Almost all girls want to be doctors when they grow up, regardless of their ethnic background, while boys overwhelmingly aspire to be sportsmen and lawyers, a new study has revealed.
When children across a range of ethnicities in the UK were asked about their future career aspirations, engineer, actor and vet also made their dream jobs list, among other well paid occupations.
Children were asked what they want to be when they grow up at the age of seven, 11 and 14. When their answers were broken down by their ethnic backgrounds, white children were found to have job aspirations that would see them earn lower on average than children from minority groups.
However, once they had grown up, gone on to higher or further education and entered the world of work, white men and women were found to be earning more than most of the minority groups by the age of 25.
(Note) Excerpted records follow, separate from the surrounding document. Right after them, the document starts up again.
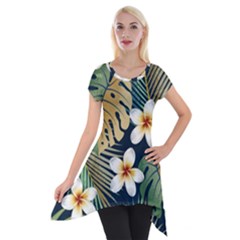 Seamless Pattern With Tropical Flowers Leaves Exotic Background Short Sleeve Side Drop Tunic by BangZart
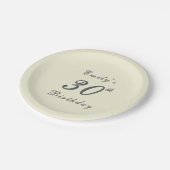 Modern Elegant Cream 30th Birthday Party ペーパープレート (アングル)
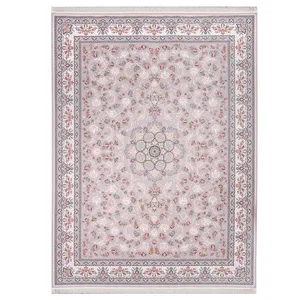 فرش ماشینی صنایع عظیم زاده طرح درسا نقره ای گل برجسته زمینه کرم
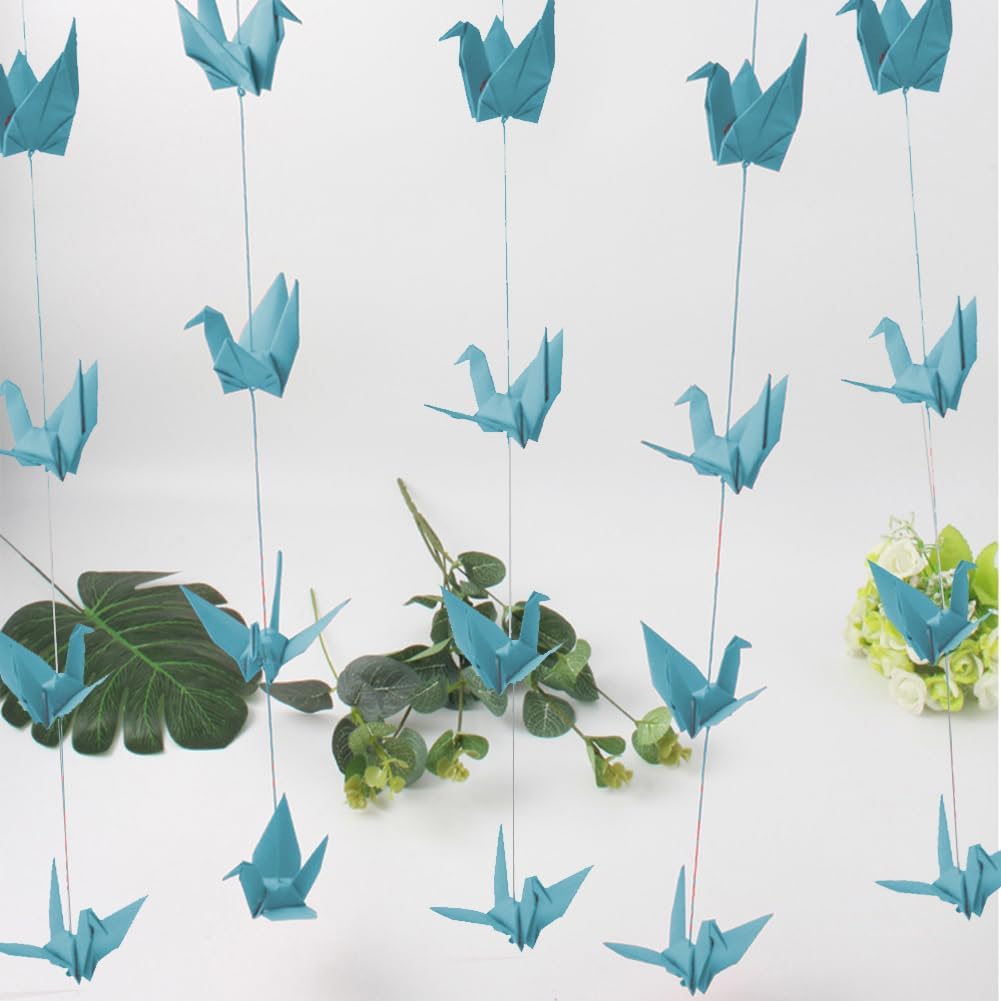 Paper Crane Hanging Garland 3 Strings 52ft Blue Origami Decor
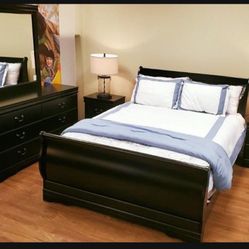 Black Wood Queen Size Bedroom Set Of 7 ( Bed Frame , Dresser , Nightstand , Chest)⭐️ In Stock 👍 Special Discount 💥
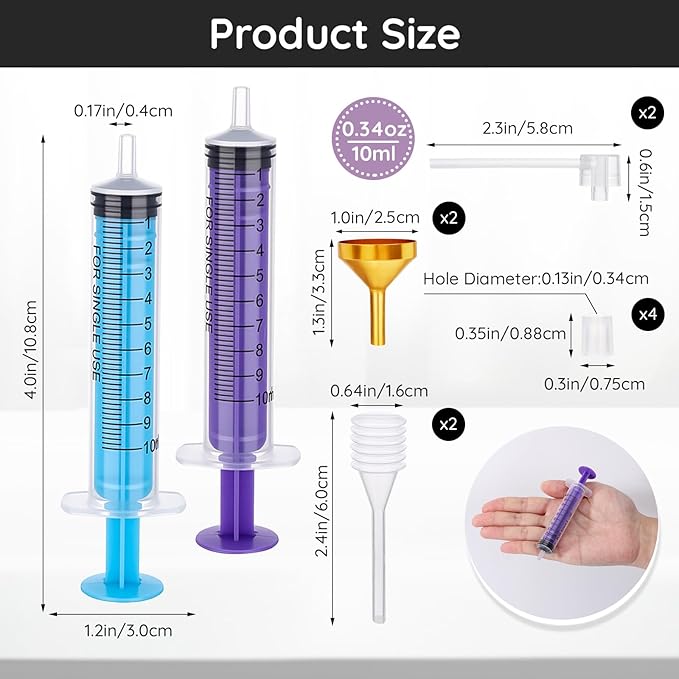 Segbeauty 8pcs 0.34oz Perfume Refill Tool Kit for Women, 10ml Plastic Blue Purple Perfume Decanter Dispenser Transfer Tool Set, Cologne Making Kit for Men with Extractor Pump Dispenser Funnel Set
The report, by the Centre for Longitudinal Studies and the Runnymede Trust, looked at the occupational aspirations of children from primary school to teenage years across all ethnic groups, using data from the Millennium Cohort study, which follows more than 19,500 children born in the UK in 2000 and 2001, alongside Next Steps research that tracks 16,000 young people as they grow up in England.
Researchers studied the aspirations of boys and girls from white, mixed, Indian, Pakistani, Bangladeshi, black Caribbean and black African backgrounds to see if any differences translated to labour market outcomes. Next Steps data was used to find out what career paths people had taken at the age of 25.
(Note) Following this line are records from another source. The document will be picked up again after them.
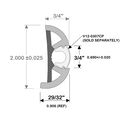 Rub Rail SuproFlex Semi-Rigid Vinyl Medium, 2" X 29/32", 60' image number 1
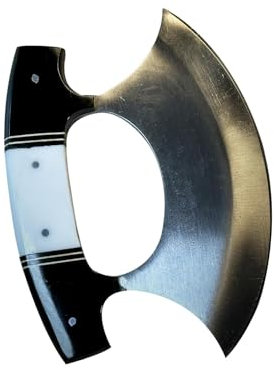 H-RAF Couteau Ulu Traditionnel, Manche en Noir et Blanc, Lame Courbée en Acier (BLACK)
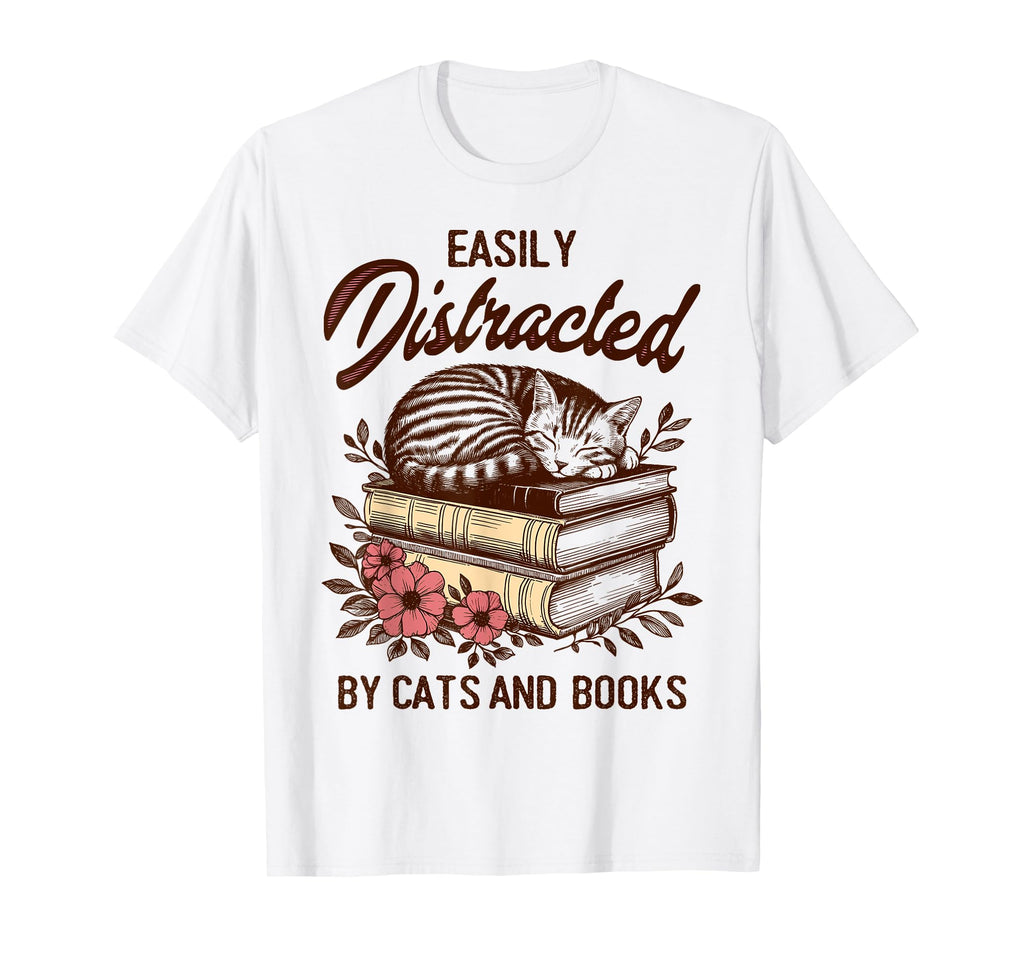 Cat Book Lover Reading Easily Distracted T-Shirt - Minimalist Print Unisex - T-Shirt, Sweatshirt, Hoodie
When the girls’ top five job choices were broken down by ethnic group, doctor was the most popular profession for all but white girls who named secondary school teacher as their top choice and doctor in the top three. Becoming an actor or performer, a vet, nurse or entering the legal profession were also popular career choices among girls from all ethnic groups.
Among boys, white, mixed, black Caribbean and black African children listed sportsman as their top job, with Indian and Bangladeshi boys citing a career in the legal profession in first place and Pakistani boys wanting to be doctors.
Other popular career aspirations cited by boys across the ethnic groups were engineer, software developer, accountant, and actor or performer.
Professor Lucinda Platt, who co-wrote the report, told the BBC that by the time boys and girls reached their mid-teens, those from ethnic minority backgrounds were attracted to jobs with significantly higher pay than white children.
While white and Indian boys wanted to enter professions that would mean earning around £18 an hour, Bangladeshi, black African and Pakistani boys “end up aspiring to jobs with hourly wages of about £24”, she said.
Among girls, white teens were attracted to professions that would earn them an average of £16 an hour, while black Caribbean girls favoured professions earning an average of £19 an hour, rising to £20 for Indian and Pakistani girls and £21 for Bangladeshi and black African girls, Prof Platt said.
But while children from minority groups have high career aspirations, this does not always translate into occupational success by the time they reach 25.
Of the men and women in the Next Steps study who went to university, white men became significantly higher earners than people from ethnic minorities, researchers found,
By the age of 25, white men earned more per week on average than every other ethnic group except Bangladeshi men. And while Indian and black African women earned more per week than white women at the same age, Bangladeshi, Pakistani and black Caribbean women earned less.
“It is difficult to know exactly why this is happening,” Prof Platt told the BBC. “Differences do not appear to be the result of different choices. Do they instead represent a lack of options and even racism in the workplace, as some studies have suggested?
“Whatever else is driving the differences in pay, it is clear that it doesn’t come down to a lack of ability, or ambition.”